A simple Merry Widow or Plain Jane cue can have as much as 25 hours of build time in it. The task of building cues is a never ending learning experience. It involves a myriad of intricate techniques, methods, procedures, and abilities. I am far from knowing it all. I feel that I have just scratched the surface.
In the beginning, I thought that I would build myself a few cues and build a few extra and peddle them off at the local pool hall and maybe this would pay for my cues too. The truth is that I am still losing money. I now have about $20,000 worth of tools and material but I still haven’t made a profit. I tell people “I’m not making a profit but, I’m losing less.”
I built myself a few cues and some of the local league players asked about them when they saw me playing with them. A few of the best players in town offered to buy a cue if I customized them to their specs. So I made a few, using my best skills, materials, and techniques (at the time). They were well liked because, it seems that my methods produce a cue with a nice hit.
I like to feel the cue strike the cue ball. I like the feed back you get when the vibration transfers down the shaft to the butt and to you hand.
Evidently, so did they.
My first customers talked up my cues with other players I have never advertised my cues in any way. Before I had been building cues for 6 months, I had a back log of about 20 cues and back log has never been less than 20 for 3 years.
I’ve said enough about me. Let’s build a pool cue.
1. First we need the materials that will be used to build it.
an 18 in long by 1 1⁄2 square piece of Curly Maple
an 18 in long by 1 1⁄2 square piece of Gaboon Ebony
sheets of dyed veneers for the points and the rings
a 1 in long Juma ferrule
a G10 3/8-10 joint screw
a 1⁄2 in diameter and 2 in long phenolic shaft insert
a rubber bumper
a 3/8-16 weight screw
a Ultra Skin medium tip
a 12 in long by 1 in diameter round black Juma
a 12 in long by 1 3/8 in diameter round black Juma
2 Gaboon Ebony 1 in square by 12 in long for points
a rough tapered 30 in hard maple shaft dowel
a 3⁄4 in by 30 in long laminated maple coring dowel
2. We will start by making some square things round. A few tools are needed:
3. We will use a center finder to mark the center of Maple and Ebony.
4. Next we make a pilot hole using an awl and the dead blow hammer.
5. Then we will drill a 3/16 hole in both ends of each piece so we can hold them between centers on the lathe.
6. With the Curly Maple piece mounted in the lathe, we begin to cut it with a router. The wood spins about 200 rpm and the router. with a 3⁄4 in straight carbide bit, spins at 20,000 rpm. The router travels up and down the lathe slowly turning the wood round.

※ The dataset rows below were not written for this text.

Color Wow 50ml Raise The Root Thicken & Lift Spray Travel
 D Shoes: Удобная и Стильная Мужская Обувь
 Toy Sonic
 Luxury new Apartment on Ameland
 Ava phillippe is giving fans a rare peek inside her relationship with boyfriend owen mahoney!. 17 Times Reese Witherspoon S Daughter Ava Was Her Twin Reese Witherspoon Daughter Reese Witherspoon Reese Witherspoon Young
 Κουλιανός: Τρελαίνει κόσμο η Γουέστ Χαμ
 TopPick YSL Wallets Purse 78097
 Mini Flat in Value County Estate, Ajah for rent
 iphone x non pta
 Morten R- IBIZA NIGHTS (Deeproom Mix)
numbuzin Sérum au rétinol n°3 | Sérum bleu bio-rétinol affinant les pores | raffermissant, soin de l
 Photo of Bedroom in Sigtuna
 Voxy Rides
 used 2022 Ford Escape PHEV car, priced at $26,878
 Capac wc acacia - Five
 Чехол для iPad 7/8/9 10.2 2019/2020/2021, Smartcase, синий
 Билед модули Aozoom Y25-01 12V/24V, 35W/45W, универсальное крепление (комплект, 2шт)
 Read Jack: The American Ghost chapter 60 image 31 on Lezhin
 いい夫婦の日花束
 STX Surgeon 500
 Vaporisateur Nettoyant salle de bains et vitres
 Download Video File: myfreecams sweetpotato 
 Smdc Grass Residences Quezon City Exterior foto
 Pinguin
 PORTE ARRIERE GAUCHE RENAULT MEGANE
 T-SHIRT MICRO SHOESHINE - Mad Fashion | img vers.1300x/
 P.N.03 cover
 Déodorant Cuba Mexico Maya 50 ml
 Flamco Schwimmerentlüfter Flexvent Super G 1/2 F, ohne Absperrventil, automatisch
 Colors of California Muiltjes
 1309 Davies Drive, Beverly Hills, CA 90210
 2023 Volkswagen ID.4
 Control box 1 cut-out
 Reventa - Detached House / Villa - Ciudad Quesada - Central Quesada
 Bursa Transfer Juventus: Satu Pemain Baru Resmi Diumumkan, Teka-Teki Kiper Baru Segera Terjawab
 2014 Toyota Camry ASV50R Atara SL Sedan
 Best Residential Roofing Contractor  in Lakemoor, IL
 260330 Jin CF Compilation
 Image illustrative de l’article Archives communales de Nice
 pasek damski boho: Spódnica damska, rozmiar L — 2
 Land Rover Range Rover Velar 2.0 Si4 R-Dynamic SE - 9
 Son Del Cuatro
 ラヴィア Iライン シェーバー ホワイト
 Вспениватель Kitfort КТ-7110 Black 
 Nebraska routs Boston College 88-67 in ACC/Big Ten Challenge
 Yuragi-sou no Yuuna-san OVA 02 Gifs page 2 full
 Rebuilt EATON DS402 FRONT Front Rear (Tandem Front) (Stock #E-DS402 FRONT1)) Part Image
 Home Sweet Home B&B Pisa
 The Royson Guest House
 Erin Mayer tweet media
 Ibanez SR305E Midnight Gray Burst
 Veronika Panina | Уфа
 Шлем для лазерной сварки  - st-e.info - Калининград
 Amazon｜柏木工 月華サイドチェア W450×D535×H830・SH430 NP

7. The corners are off and things are beginning to take shape.
8. The piece needs to be about 1 3/8 inch so it will fit in the lathe head stock.
9. Next the Gaboon Ebony is turned round. The chips are piling up on the floor.
10. They are round and now they need to be cored.
11. The piece is mounted in the lathe and we switch to the 1⁄2 hp AC motor because this procedure is a little much to ask of the DC motor. I use a 36 in long 3⁄4 in gun drill. Air is is fed through the drill to the tip at 40 psi to keep the drill and wood cool and to blow out the chips as the drill goes through.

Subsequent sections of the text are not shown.